> **Work required**
Word for word, reproduce the listing that follows, excluding any pictures it contains.

*** Opening of Material provided ***

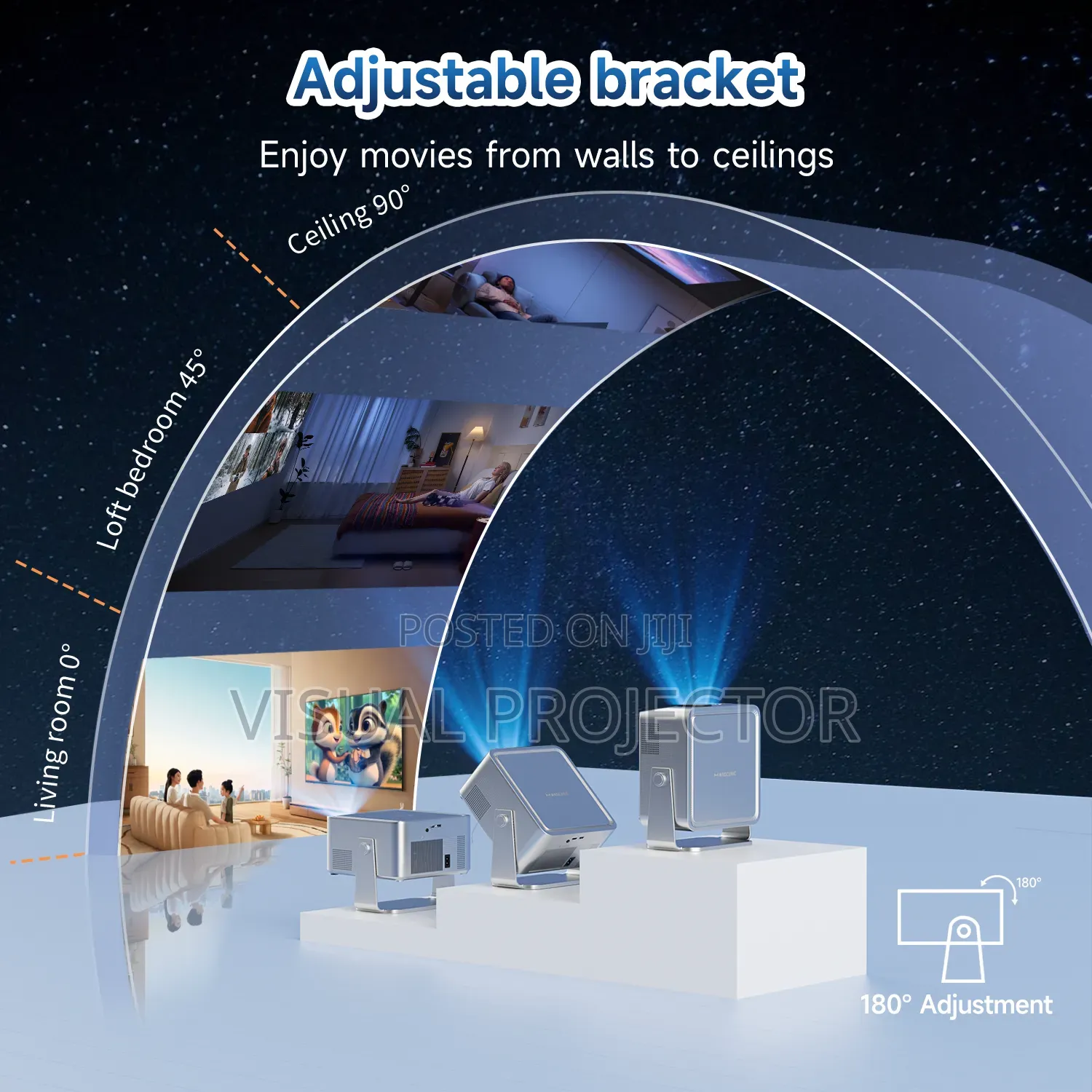 Magicubic HY450GT Android Projector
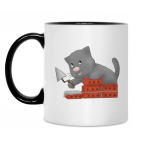 Кружка двухцветная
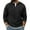 Black（mens shirts）, variant on GuangCheng George Mens Waffle Knit Thermal Tops,Long Sleeve,Casual,Classic Fit,Warm,Soft,Daily Wear Henley Shirts,Coffee,Size XL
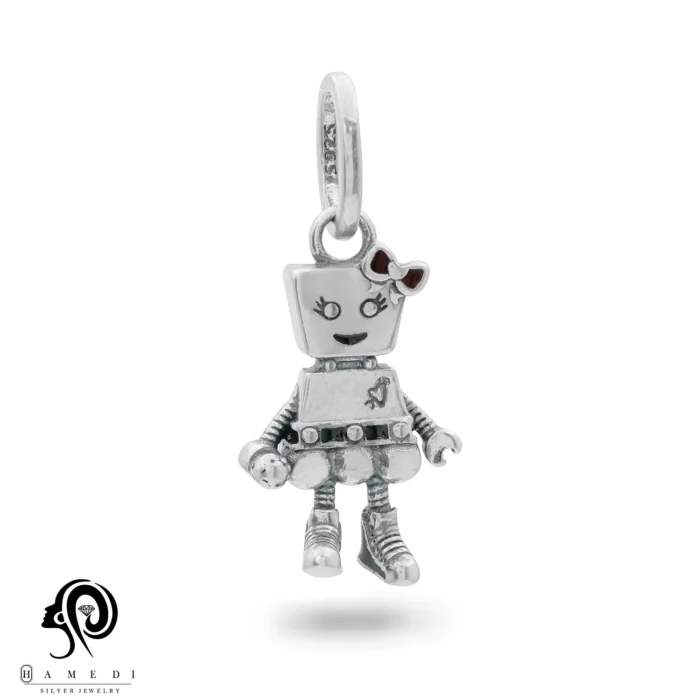 چارم پاندورا نقره طرح ربات مدل PCA 40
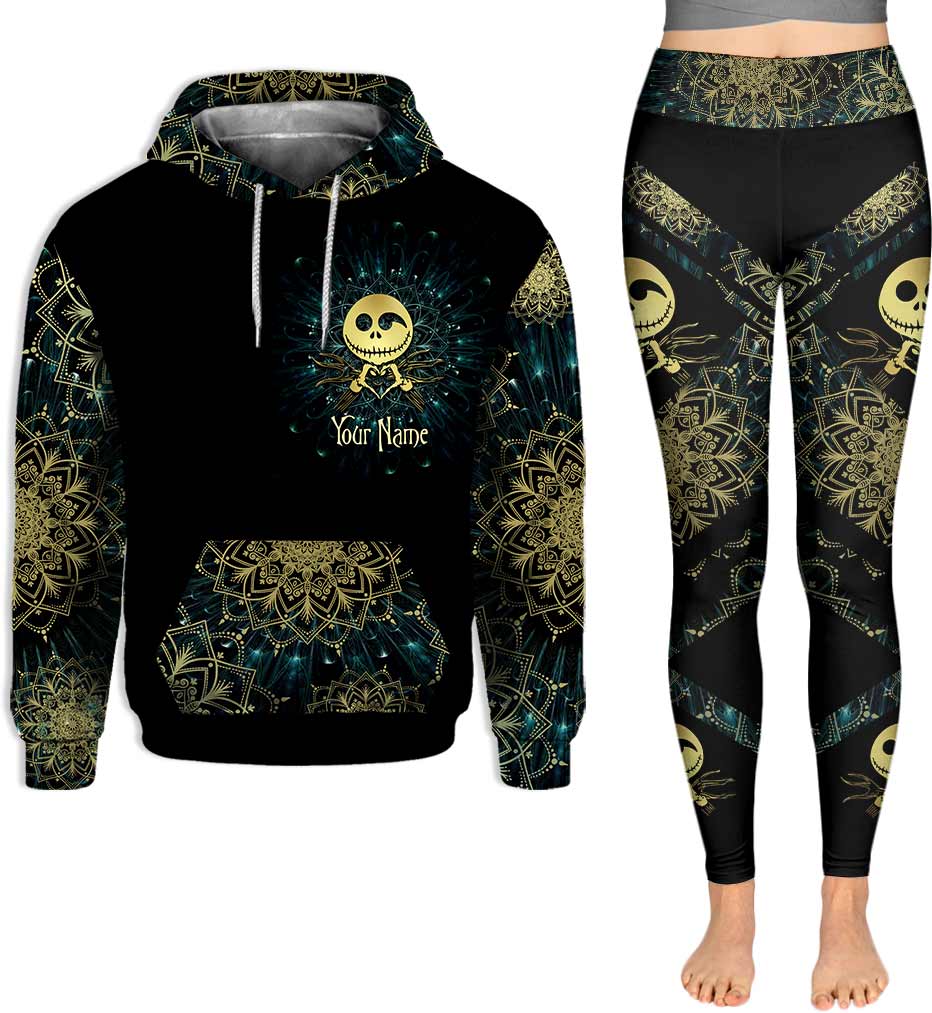Personalized Hoodie & Leggings Set with Custom Name - Unique Mental Health Gift Hoodie & Leggings GradoCreations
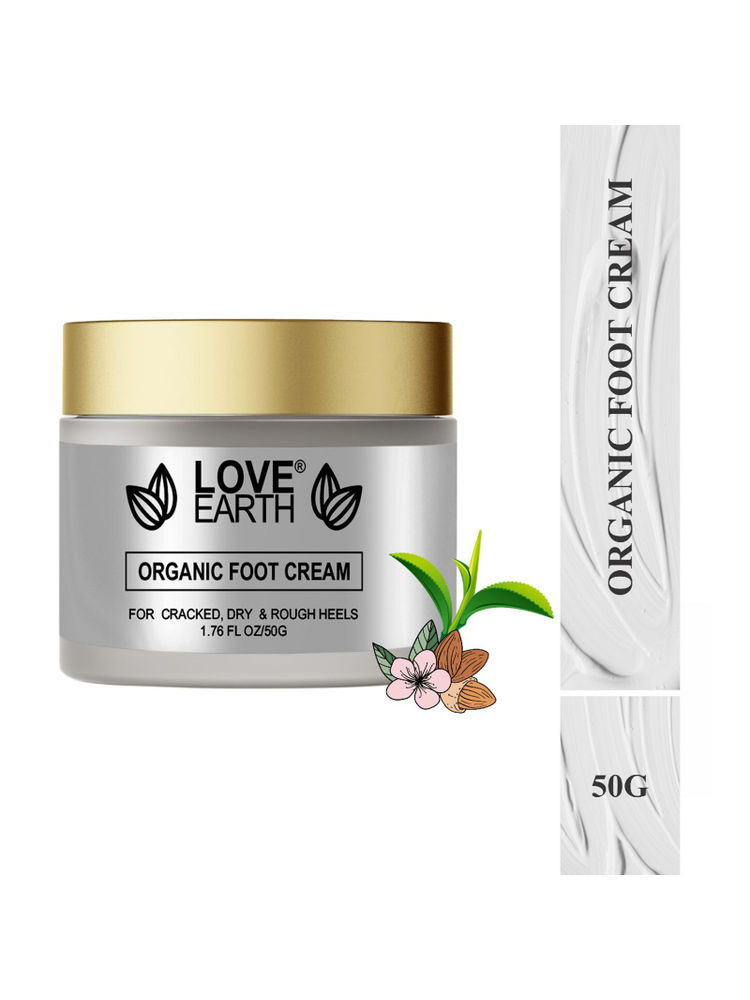 Love Earth Organic Foot Cream with Green Tea & Jojoba Oil for Skin Hydration and Soft Skin-image-37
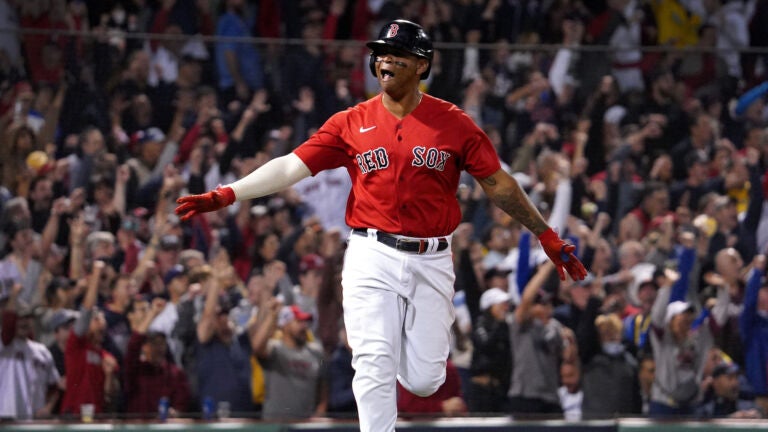 Rafael Devers out of Sunday lineup after hit-by-pitch, will get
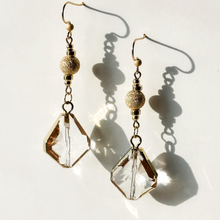 Load image into Gallery viewer, Drop Crystal | Gold Filled Stardust and Crystal Earrings | AB Luxe Edit
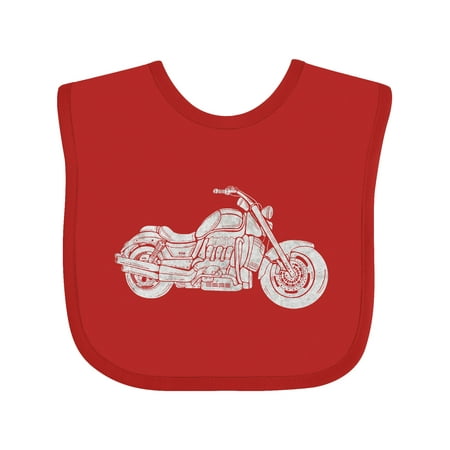 

Inktastic Distressed Motorcycle Gift Baby Boy or Baby Girl Bib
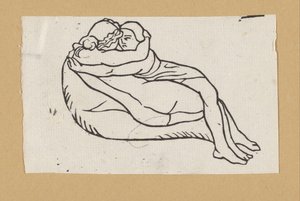 Daphnis und Chloë zusammen liegend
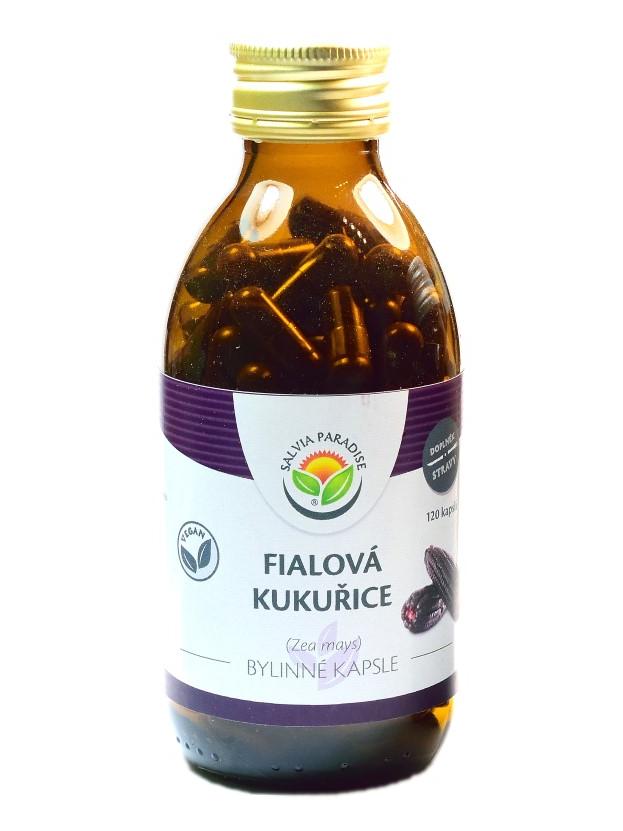 Fialová kukuřice - Maiz Morado kapsle 120ks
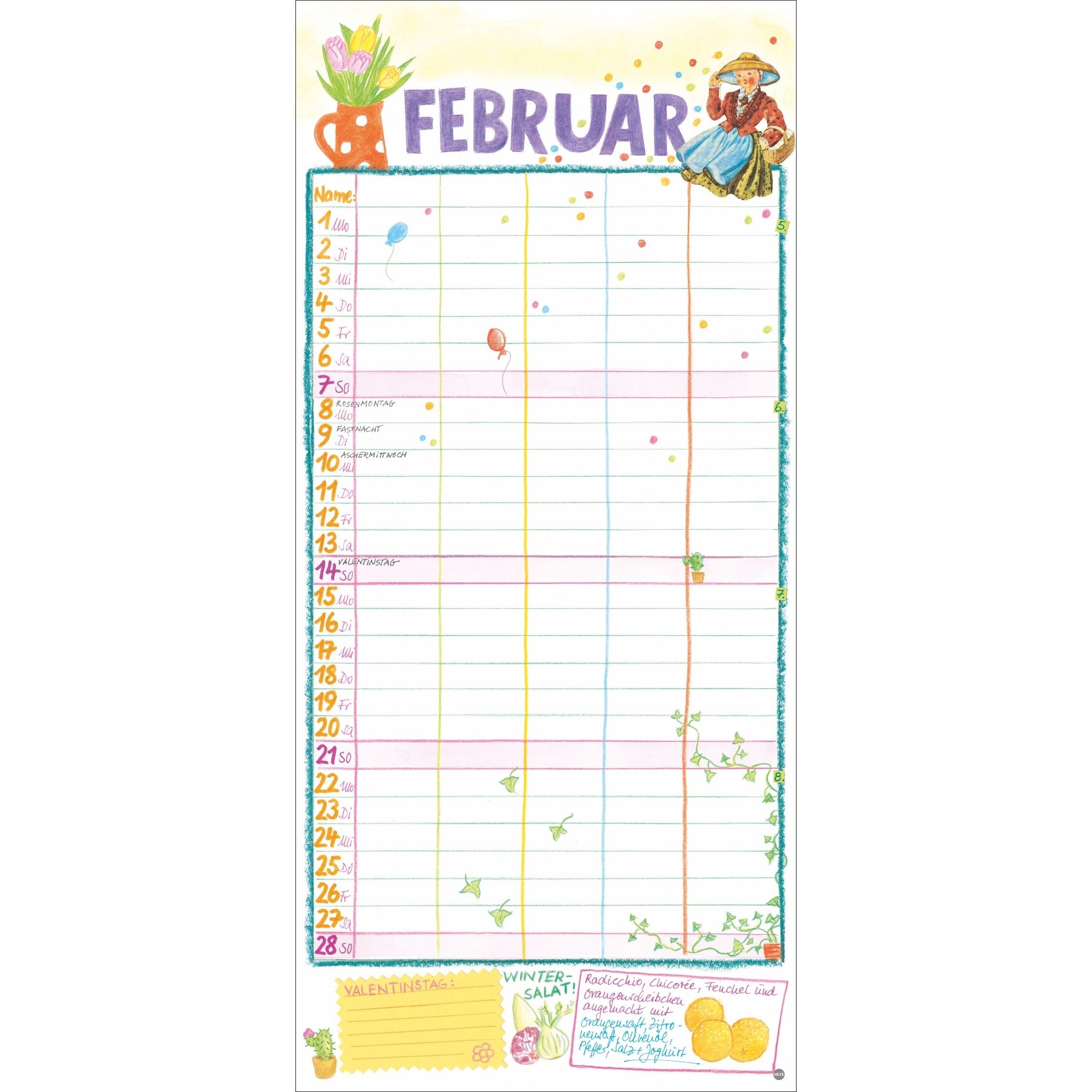 Kohwagner Unser Familienkalender-288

*** Close of Material provided ***

> **Exercise output**
 Magicubic HY450GT Android Projector
 Кружка двухцветная
 Black（mens shirts）, variant on GuangCheng George Mens Waffle Knit Thermal Tops,Long Sleeve,Casual,Classic Fit,Warm,Soft,Daily Wear Henley Shirts,Coffee,Size XL
 چارم پاندورا نقره طرح ربات مدل PCA 40
Personalized Hoodie & Leggings Set with Custom Name - Unique Mental Health Gift Hoodie & Leggings GradoCreations
 Love Earth Organic Foot Cream with Green Tea & Jojoba Oil for Skin Hydration and Soft Skin-image-37
 Rafael Devers out of Sunday lineup after hit-by-pitch, will get
 Load image into Gallery viewer, Drop Crystal | Gold Filled Stardust and Crystal Earrings | AB Luxe Edit

Inktastic Distressed Motorcycle Gift Baby Boy or Baby Girl Bib
 Daphnis und Chloë zusammen liegend
 Fialová kukuřice - Maiz Morado kapsle 120ks
 Kohwagner Unser Familienkalender-288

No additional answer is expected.